On the brink of April, with the Blogging A to Z Challenge in mind, I had started an A-to-Z list in Onelook. At first there were several blank lines, but they filled in pretty quickly so by mid-month it looked like the screenshot at left. The options I actually decided to blog about are in bold.

With the end of the month, and the end of the alphabet, drawing relentlessly closer, eXperience and eXpertise were the best I could come up with.

Then, while I was out walking the other day, what should come to mind but Xanadu. (I’m not kidding about the power of walking, people — and when it’s eXacerbated by the power of deadlines you’re talking about potentially major magic.)
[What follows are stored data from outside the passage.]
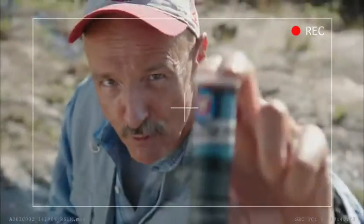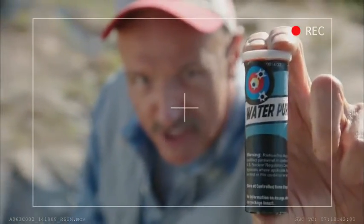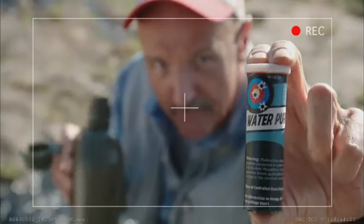Not to worry. Just pop one of Burt's Bullseye brand water purification tablets into your canteen, give it a shake, wait 20 minutes, and hydrate. Whoa, there's the bell — time to break our seal and grab that meal.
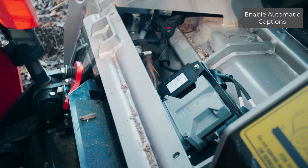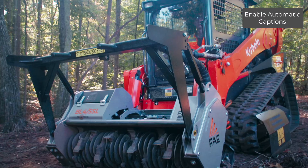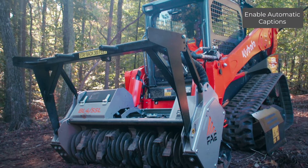To begin manual calibration, you will need to remove the top panel on the BL4SSL. Next, enable system hydraulics while also engaging hydraulics to the rotor.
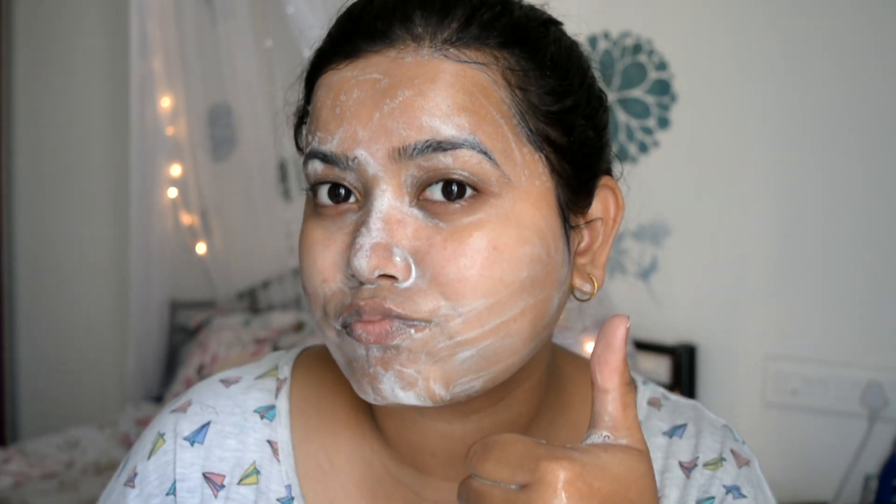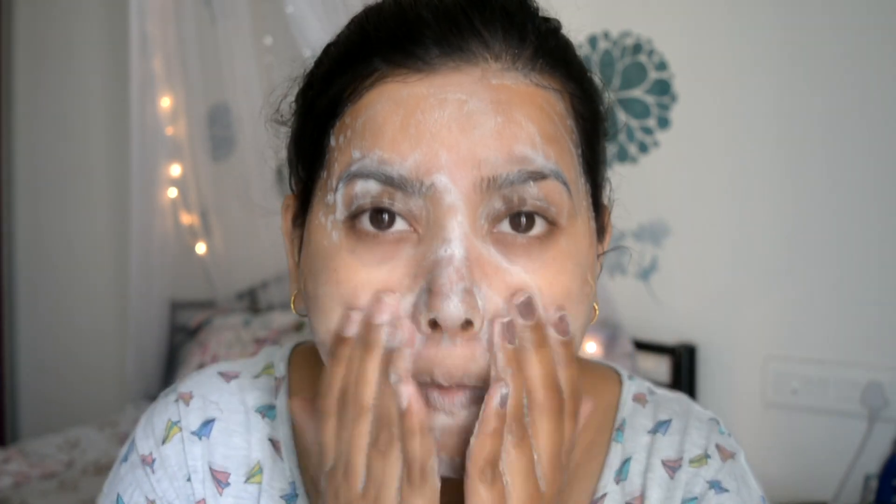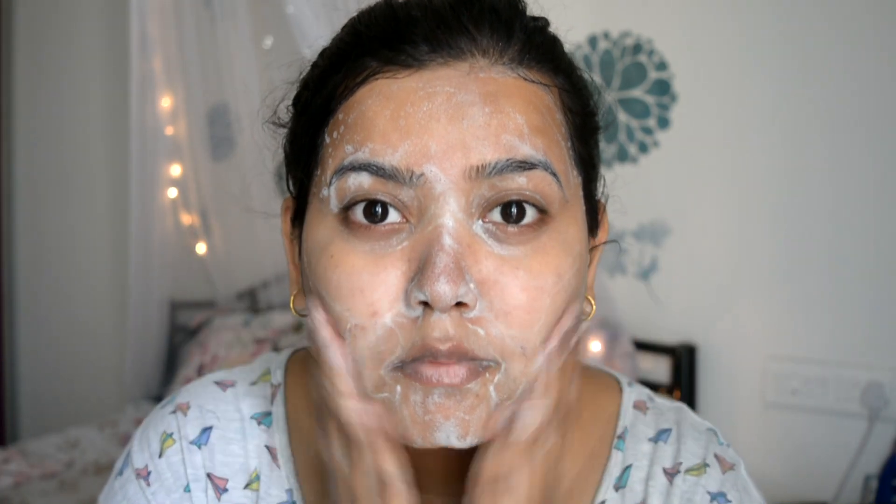When I started applying it, I thought I would need to use a lot more, but actually the quantity needed is very low and it lathers up much more than expected. You just need a little bit of product to cover your skin.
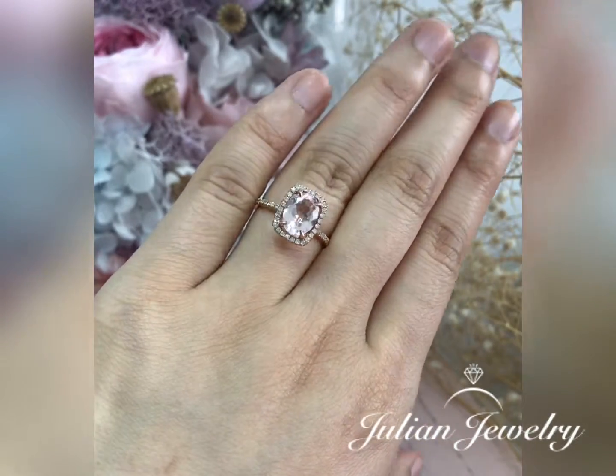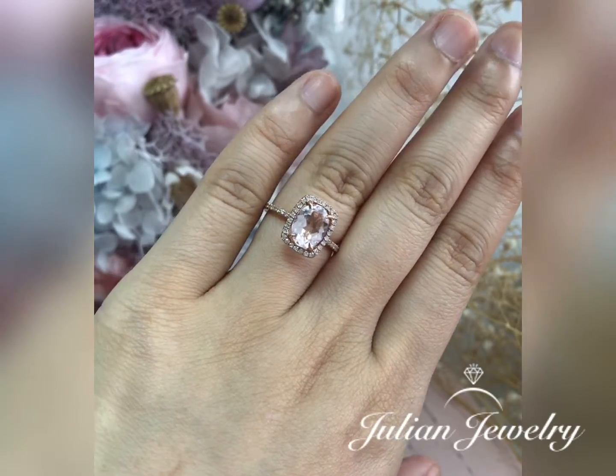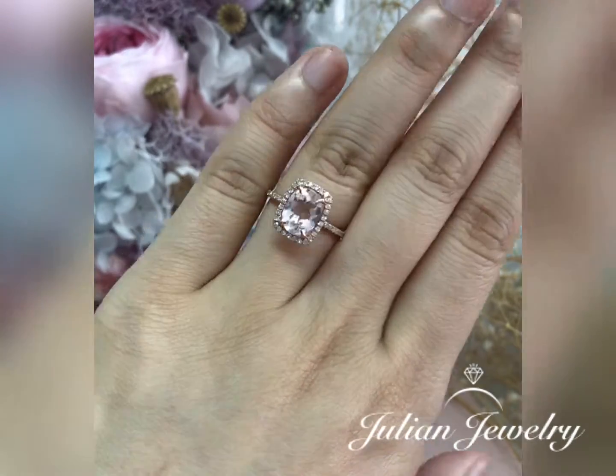It can be made in your choice of 14k or 18k yellow, white, or rose gold. A matching bridal ring set is available.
Once upon a time I knew most of Samuel Taylor Coleridge’s poem “Kubla Khan” by heart. The first five lines are as clear in my memory as ever, and the rest of it is so familiar as I reread it.

In Xanadu did Kubla Khan
A stately pleasure-dome decree:
Where Alph, the sacred river, ran
Through caverns measureless to man
    Down to a sunless sea. 

I also remember how fascinated I was by the imagery when I read it for the first time, in English class my senior year of high school. A history buff with a more than passing acquaintance with the Middle East, I knew that Kubla Khan was Genghis Khan’s grandson but that was about it. I went looking for more about the River Alph (which doesn’t exist in our world) and demon-lovers (which may or may not exist) and Mount Abora (which doesn’t exist, but Coleridge may have meant Mount Amara, which does) and, of course, Xanadu itself (Kubla Khan’s summer palace). And that got me to marveling at how the poet had created such a vivid picture of the forest, the chasm, the “mighty fountain,” while making it clear that this “sunny pleasure-dome with caves of ice” was a more than physical place.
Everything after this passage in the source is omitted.